• Short descriptive text snippets
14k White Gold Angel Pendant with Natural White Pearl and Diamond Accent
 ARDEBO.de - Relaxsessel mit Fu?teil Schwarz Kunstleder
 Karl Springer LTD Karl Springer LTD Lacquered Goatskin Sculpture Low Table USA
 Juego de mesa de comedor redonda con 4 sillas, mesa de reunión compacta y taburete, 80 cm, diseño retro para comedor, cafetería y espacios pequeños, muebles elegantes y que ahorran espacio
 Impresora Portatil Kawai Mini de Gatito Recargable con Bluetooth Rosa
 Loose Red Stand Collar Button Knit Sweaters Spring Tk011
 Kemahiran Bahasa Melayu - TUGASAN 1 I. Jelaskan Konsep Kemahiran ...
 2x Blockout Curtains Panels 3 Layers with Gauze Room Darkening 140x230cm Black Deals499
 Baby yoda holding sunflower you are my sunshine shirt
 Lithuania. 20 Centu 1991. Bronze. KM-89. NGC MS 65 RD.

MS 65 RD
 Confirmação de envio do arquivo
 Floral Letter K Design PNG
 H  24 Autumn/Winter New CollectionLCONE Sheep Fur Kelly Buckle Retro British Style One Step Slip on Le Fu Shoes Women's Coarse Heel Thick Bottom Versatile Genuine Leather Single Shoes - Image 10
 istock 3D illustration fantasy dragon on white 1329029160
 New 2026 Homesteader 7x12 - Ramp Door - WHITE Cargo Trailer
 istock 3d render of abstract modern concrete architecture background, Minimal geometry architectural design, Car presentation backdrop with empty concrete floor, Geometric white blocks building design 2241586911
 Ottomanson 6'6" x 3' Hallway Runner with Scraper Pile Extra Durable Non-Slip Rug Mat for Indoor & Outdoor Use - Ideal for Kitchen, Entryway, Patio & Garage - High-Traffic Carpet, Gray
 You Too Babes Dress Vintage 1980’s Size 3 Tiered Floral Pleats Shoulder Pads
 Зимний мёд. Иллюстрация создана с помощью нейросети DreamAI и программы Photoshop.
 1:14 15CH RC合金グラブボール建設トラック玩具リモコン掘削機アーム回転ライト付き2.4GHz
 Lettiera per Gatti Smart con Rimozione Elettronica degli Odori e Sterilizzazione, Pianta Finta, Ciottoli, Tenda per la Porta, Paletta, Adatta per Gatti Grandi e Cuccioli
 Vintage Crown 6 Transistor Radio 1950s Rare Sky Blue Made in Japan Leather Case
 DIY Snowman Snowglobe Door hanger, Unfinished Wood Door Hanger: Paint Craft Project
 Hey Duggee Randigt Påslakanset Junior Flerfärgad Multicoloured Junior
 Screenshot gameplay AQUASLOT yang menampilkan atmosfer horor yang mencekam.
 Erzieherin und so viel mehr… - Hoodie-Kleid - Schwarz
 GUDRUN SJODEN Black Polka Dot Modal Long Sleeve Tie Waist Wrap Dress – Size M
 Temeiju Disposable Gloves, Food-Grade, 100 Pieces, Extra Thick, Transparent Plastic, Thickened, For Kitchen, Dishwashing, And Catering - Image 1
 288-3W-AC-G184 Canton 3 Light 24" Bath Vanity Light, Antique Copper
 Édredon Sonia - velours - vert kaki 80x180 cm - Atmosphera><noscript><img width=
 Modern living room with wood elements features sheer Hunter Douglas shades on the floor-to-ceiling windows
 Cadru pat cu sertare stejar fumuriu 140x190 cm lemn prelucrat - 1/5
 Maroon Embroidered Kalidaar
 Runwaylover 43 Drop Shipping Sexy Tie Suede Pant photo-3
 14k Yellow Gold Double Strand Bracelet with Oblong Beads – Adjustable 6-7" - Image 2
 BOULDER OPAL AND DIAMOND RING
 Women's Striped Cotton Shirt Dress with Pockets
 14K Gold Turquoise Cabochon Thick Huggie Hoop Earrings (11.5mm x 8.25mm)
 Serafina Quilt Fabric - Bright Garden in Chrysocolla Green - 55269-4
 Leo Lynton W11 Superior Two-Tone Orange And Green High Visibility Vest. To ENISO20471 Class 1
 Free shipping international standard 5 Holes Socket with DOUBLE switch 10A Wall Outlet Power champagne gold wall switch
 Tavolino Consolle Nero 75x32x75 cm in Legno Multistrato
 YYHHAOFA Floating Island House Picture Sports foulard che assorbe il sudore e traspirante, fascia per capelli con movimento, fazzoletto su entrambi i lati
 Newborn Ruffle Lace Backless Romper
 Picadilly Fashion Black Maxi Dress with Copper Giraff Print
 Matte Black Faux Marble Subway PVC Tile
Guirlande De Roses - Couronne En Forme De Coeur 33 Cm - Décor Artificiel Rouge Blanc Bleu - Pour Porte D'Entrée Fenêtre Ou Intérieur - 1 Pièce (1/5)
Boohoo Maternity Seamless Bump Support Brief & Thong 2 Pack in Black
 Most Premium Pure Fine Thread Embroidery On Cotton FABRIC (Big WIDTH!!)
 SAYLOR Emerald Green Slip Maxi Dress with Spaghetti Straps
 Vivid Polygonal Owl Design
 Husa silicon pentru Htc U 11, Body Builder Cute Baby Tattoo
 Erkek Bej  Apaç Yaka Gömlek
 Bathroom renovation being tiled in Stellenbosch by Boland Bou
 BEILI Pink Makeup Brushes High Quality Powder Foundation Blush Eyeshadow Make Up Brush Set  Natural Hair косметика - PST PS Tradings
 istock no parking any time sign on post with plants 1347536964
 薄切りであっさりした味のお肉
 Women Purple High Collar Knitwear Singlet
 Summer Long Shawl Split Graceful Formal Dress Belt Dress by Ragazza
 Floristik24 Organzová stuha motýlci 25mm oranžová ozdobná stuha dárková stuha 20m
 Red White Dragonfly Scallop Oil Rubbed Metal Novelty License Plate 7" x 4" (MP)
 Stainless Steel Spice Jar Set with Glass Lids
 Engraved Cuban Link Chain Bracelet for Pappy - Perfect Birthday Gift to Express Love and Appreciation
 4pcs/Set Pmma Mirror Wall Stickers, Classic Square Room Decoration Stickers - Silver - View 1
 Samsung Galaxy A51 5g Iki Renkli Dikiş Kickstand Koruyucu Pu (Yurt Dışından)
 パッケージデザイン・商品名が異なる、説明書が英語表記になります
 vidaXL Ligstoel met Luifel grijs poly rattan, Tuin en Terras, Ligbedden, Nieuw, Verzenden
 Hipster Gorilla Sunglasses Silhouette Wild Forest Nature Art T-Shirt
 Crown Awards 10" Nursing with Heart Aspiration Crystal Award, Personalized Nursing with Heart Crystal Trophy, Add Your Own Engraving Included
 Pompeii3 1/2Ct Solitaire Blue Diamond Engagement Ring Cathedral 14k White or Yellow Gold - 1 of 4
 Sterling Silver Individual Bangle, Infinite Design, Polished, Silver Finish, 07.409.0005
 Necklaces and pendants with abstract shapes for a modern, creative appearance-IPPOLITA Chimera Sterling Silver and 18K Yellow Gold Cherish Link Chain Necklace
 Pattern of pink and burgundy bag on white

• Problem details
The expected answer is a number and nothing else: how many lines above include the word "Bracelet".

• Written solution
2